▸ **Exercise**
Go to the line containing "Marketing digital financeiro" in the listing below. Output that line and each later one exactly.

▸ **Excerpted data**
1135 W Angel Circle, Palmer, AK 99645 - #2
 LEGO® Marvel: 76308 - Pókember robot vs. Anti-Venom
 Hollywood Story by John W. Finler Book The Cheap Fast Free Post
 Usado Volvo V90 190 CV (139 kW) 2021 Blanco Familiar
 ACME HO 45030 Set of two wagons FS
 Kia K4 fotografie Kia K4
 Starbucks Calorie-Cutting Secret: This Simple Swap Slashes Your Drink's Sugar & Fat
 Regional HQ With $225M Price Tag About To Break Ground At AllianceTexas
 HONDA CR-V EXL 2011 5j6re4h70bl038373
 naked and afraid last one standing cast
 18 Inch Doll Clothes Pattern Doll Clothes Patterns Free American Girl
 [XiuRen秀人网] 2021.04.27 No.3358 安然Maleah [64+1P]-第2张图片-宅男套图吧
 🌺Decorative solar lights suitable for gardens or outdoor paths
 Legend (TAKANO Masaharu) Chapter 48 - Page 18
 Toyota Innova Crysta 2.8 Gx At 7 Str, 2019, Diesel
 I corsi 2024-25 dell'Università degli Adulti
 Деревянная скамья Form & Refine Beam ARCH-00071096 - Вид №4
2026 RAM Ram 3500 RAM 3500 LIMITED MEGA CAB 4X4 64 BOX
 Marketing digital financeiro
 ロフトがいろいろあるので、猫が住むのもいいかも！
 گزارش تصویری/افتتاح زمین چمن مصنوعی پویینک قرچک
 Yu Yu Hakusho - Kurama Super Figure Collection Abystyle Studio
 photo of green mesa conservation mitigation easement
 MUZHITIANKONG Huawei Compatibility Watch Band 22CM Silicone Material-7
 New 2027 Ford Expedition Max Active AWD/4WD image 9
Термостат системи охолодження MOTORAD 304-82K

▸ **Solution**
 Marketing digital financeiro
 ロフトがいろいろあるので、猫が住むのもいいかも！
 گزارش تصویری/افتتاح زمین چمن مصنوعی پویینک قرچک
 Yu Yu Hakusho - Kurama Super Figure Collection Abystyle Studio
 photo of green mesa conservation mitigation easement
 MUZHITIANKONG Huawei Compatibility Watch Band 22CM Silicone Material-7
 New 2027 Ford Expedition Max Active AWD/4WD image 9
Термостат системи охолодження MOTORAD 304-82K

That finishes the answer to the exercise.